# First batch of Tarpon flies for the year.



## captken (Feb 24, 2008)

I didn't have anything better to do this morning so---

These are tied on 4/0 Gamakatsu Tarpon hooks. Don't remember the style #. 
I'll make up some add-on weedguards for them. 

I wanted to make several of my favorite bright day color combo Yellow tail, red collar but couldn't find any yellow feathers in my stash. The red/white is a killer some days.

I'll tie a half dozen Cockroaches and I'll be good to go. I still have a half dozen 9-10" Bulkhead Mullet from last year

The flies pictured below cast easily on an 8wt. I normally fish with a 9 or 10wt. My 12wt is seldom used unless I start seeing 150# plus fish in clear water where I can sight fish. I absolutely NEVER blind cast with the 12wt any more. I am too dang old for that kind of torture. Give me 20 to 50 pounders and I am perfectly happy. These are 10-15 minute fish. After a Tarpon quits jumping it becomes work, not fun. I break them off if I am in my skiff. In the yak, breaking 20# tippet becomes problematic.


----------



## Sage Man (Nov 17, 2016)

Hey Captain...good looking bugs. If I were a tarpon, I'd eat one. What are those...about 4 inches?

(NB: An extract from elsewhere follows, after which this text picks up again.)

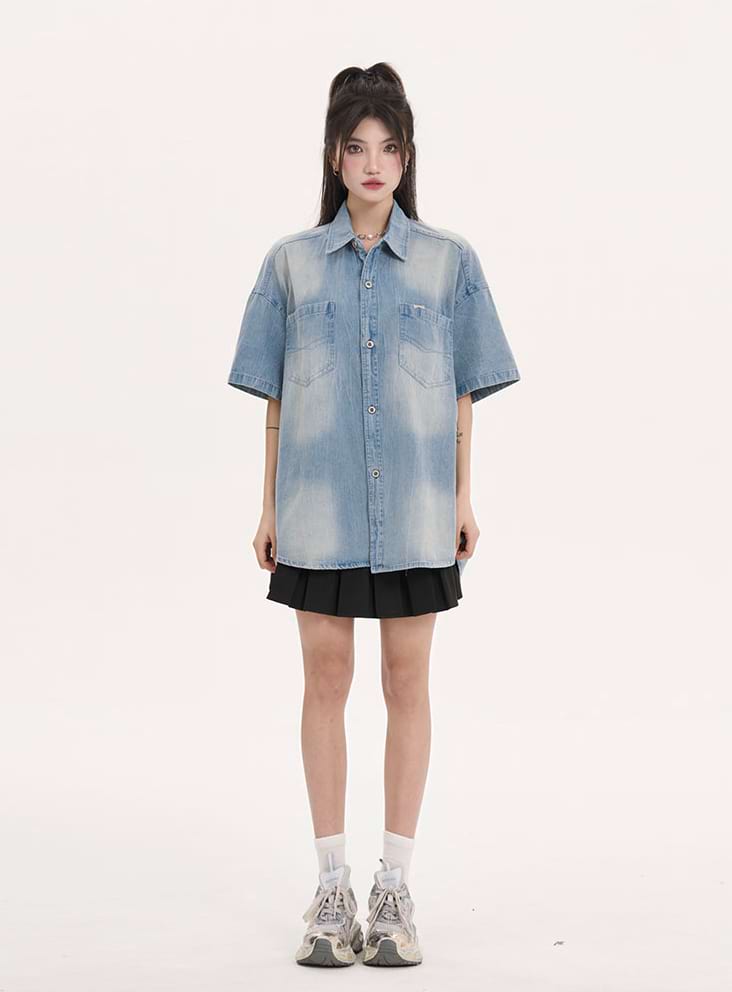오버사이즈 페이디드 데님 버튼 셔츠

Do you guide for tarpon or just fish for them on your own? Are you in the Pensacola area? I see Crystal River referenced so I'm just curious. If you're over our way I'd be interested in a trip or two.


----------



## First Cast (Oct 8, 2007)

Tying flies is a great way to spend a cold winter. Those look great, and up this way, I bet that red/white one would work for our bull reds.


----------